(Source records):
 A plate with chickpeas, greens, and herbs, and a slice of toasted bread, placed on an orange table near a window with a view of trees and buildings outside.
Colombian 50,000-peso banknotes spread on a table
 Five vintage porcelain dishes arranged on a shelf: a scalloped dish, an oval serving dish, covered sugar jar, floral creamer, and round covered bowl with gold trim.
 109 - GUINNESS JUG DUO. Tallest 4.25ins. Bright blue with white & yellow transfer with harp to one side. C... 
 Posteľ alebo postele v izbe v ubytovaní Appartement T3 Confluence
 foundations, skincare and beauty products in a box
--
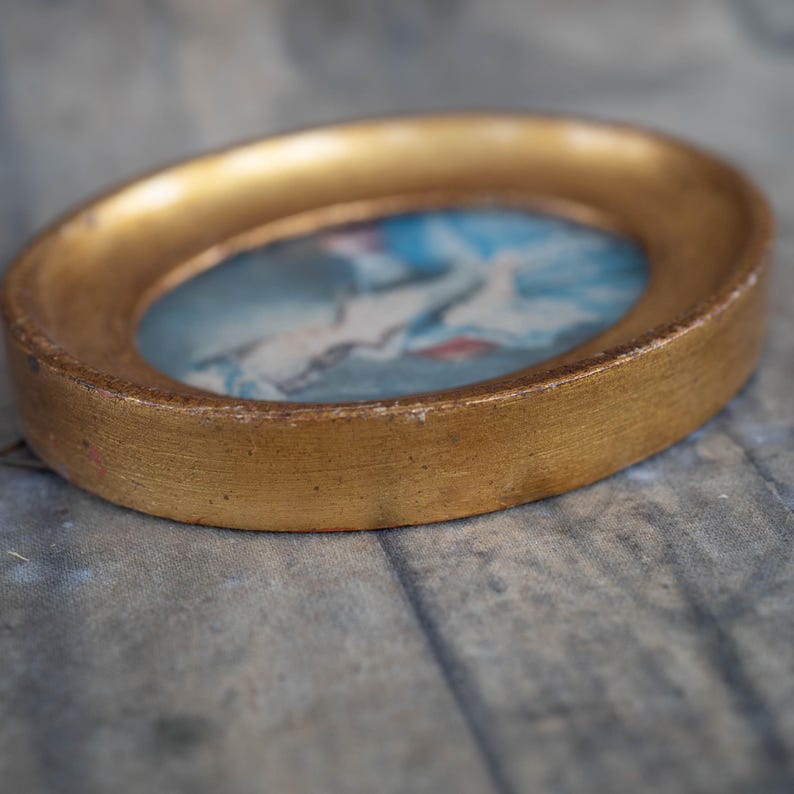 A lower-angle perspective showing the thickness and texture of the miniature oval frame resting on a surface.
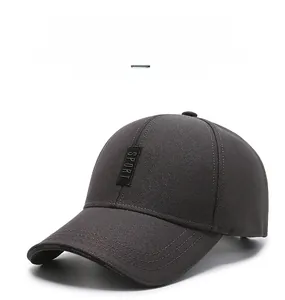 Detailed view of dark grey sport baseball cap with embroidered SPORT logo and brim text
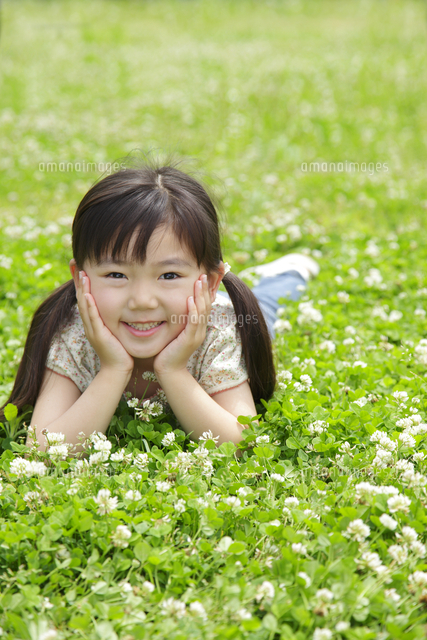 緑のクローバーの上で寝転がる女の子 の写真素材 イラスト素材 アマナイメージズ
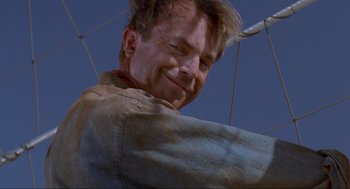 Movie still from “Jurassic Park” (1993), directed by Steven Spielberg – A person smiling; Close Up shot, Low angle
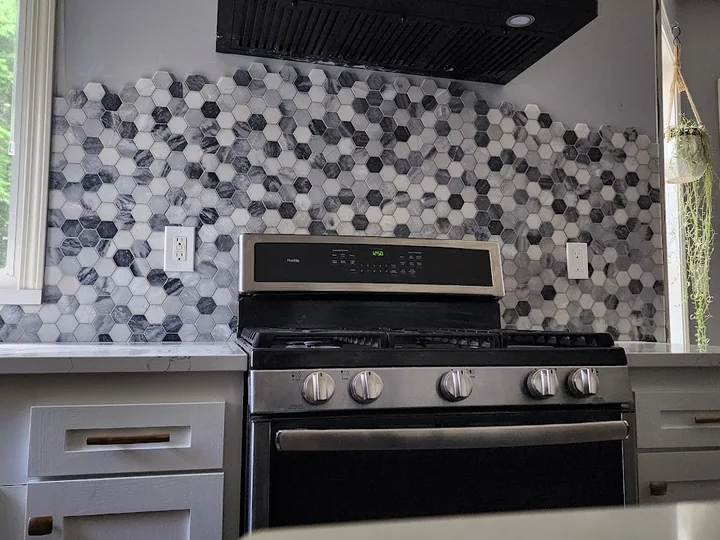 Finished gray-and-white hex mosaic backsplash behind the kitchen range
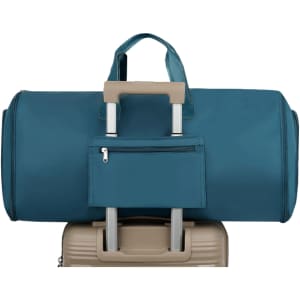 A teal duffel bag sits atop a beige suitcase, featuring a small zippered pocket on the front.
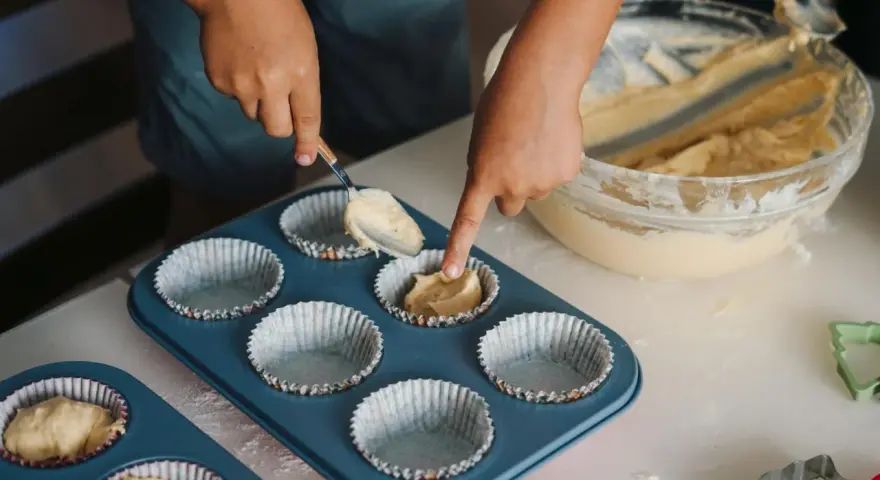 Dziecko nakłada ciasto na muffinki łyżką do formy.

(EXERCISE BRIEF):
All that should be printed is the run of lines above from the one with "Movie still from" through the one with "Dziecko nakłada ciasto", both included, exactly as given, with pictures left out.

(EXPECTED OUTPUT):
 Movie still from “Jurassic Park” (1993), directed by Steven Spielberg – A person smiling; Close Up shot, Low angle
 Finished gray-and-white hex mosaic backsplash behind the kitchen range
 A teal duffel bag sits atop a beige suitcase, featuring a small zippered pocket on the front.
 Dziecko nakłada ciasto na muffinki łyżką do formy.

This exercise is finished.